3.9

31.6K 2.1K 719
                                    

Ebru Adıgüzel

"Oh be!" dedim koltuğa yayılırken. "Biraz dinlenmek istiyorum."

"Ebru!" diyen annem ağlamaklı bir şekilde cevap verdim.

"Efendim?"

"Yukarıya çıksana. Hasret sana bir tencere verecek. Onu bana al, getir." Gözlerimi devirdim.

"Anne Ahmet evde. Onu gönder," dedim sinirle.

Dün market vakası yüzünden zaten sinirliydim. Bir de İlker'in annesini görmek istemiyordum. O kadar samimiydik. Beni doğum günü partisine davet bile etmemişti. İnsan nezaketen bir sorar.

"Aynen anne," diyen Ahmet'i duydum. Salona girdi. "Ben gider alırım hemen." Annemin bir anda salona girdiğini de gördüm.

"Sen banyoya girecektin," deyip onu çekiştirdiğinde Ahmet başını iki yana salladı.

"Yok anne. Ben akşam banyoya gireceğim."

"Şimdi gireceksin!" dedi annem ve gözlerini kıstı. Ahmet kaşlarını çattı ama sonra kaşlarını kaldırdı.

"Haa!" dedi hemen. "Evet, şimdi gireceğim." Kaşlarımı çatarak ikisini izledim. Bunlar bugün bir garip davranıyordu.

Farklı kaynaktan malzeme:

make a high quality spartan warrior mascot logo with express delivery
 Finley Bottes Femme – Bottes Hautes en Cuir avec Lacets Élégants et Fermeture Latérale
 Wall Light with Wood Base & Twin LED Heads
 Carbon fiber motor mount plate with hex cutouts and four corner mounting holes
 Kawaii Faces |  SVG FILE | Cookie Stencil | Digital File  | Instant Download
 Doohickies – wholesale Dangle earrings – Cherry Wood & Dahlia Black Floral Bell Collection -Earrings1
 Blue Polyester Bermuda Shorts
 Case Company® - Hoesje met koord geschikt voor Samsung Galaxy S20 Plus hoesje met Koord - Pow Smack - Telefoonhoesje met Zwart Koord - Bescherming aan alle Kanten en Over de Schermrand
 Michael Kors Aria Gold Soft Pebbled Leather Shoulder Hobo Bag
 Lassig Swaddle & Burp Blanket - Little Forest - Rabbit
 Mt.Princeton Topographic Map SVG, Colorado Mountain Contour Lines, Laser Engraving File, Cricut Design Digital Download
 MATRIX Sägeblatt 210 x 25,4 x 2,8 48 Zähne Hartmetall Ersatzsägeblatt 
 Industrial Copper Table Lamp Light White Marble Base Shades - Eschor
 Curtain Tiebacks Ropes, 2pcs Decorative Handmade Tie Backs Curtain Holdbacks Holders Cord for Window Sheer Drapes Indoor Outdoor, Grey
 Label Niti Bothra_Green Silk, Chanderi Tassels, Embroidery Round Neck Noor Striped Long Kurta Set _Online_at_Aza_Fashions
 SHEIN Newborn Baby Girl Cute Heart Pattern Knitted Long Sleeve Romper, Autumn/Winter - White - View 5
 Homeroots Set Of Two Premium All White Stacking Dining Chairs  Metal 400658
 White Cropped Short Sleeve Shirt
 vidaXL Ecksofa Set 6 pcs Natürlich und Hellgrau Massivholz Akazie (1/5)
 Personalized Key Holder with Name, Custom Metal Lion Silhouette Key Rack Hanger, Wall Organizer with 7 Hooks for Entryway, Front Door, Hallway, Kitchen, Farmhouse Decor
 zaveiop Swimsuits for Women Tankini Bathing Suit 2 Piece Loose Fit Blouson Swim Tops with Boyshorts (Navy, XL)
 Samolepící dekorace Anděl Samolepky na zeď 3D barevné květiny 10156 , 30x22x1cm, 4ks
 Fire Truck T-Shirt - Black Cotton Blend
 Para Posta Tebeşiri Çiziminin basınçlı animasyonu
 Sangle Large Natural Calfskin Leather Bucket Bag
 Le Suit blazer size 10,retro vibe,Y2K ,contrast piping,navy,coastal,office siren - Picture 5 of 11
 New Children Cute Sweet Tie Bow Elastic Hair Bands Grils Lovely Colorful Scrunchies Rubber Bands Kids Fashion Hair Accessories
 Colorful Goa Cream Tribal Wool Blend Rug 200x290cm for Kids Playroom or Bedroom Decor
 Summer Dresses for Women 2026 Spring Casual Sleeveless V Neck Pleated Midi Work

"Ahmet tencereyi alsın. Sonra gelip banyoya girsin. İki dakika bile sürmez gidip gelmesi," dedim umursamaz bir şekilde.

"Hayır," dedi annem. "Ahmet şimdi girecek."

"Anne!" diye bağırdım. "Ya gündüzleri evde olduğum zaman sen niye bana rahat vermiyorsun? Gitmek istemiyorum yukarıya."

"Niye?" deyip kaşlarını kaldırdı. Benden şüphelenmiș olabileceğini düşündüm. Sonra Ahmet'e baktım. Acaba söylemiş miydi? Ama hiç söylemişe de benzemiyordu. Annem daha fazla şüphelenmesin diye ayağa kalktım.

"Tamam," dedim bıkkın bir şekilde. "Ama eve geldiğimde başka hiçbir şeye karışmam." Başını salladı.

"Tamam," diye heyecanla konuştuğunda tek kaşımı kaldırdım.

Bu kadına ne oluyordu bugün?

"Kapağı kırmızı renkli olan tencereyi getireceksin. Geniş bir tencere," dediğinde nefesimi dışarı verdim.

"Anne detayını niye veriyorsun? Hasret Teyze verecek zaten."

"Doğru," deyip güldüğünde annemdeki garipliği hâlâ çözemiyordum. Bir hainlik yapıyor gibiydi. Bir an Hasret Teyze ile ilgili bütün senaryoları gözden geçirdim. "O tencereyi almadan sakın eve gelme," diyen anneme yine garip garip baktım. Annem salondan çıkıp gittiğinde Ahmet'in yanına gittim.

"Ne oluyor?" dediğimde omuzlarını kaldırıp indirdi.

"Bilmiyorum abla. Bir garip davranıyor. Bana da Ebru'ya ne dersem sen sakın karışma dedi."

"Ne?" dedim şaşkın şaşkın. "Ne alaka?"

"İlker Abi ile seni bir araya getirmeye mi çalışıyorlar acaba?" diye fısıldadı Ahmet.

"Sus," dedim hemen. "O ihtimali düşünmek istemiyorum. O İlker hayvanı ile konuşmayacağım." Ahmet kaşlarını kaldırdı.

"İlker ismi geçince bile heyecanın yüzüne yansıyor. Emin misin?" diye sordu alayla. Omzuna vurdum.

"Kes sesini!" Omuz silkti.

"Sen git. Tencereyi getir." Bir yandan da güldüğü için gözlerimi kıstım. O da kendi odasına gidince başımı iki yana salladım. Annem ve Hasret Teyze umarım Ahmet'in dediği şeyi yapmıyordur.